Each line of the material below is to be given again exactly.

--- Dataset section Enclosed Below ---

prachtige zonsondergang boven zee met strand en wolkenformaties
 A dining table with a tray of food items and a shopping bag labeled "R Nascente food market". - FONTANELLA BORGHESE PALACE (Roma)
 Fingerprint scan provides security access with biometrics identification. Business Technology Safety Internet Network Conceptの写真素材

--- End of Enclosed Dataset section ---

# The completed task
prachtige zonsondergang boven zee met strand en wolkenformaties
 A dining table with a tray of food items and a shopping bag labeled "R Nascente food market". - FONTANELLA BORGHESE PALACE (Roma)
 Fingerprint scan provides security access with biometrics identification. Business Technology Safety Internet Network Conceptの写真素材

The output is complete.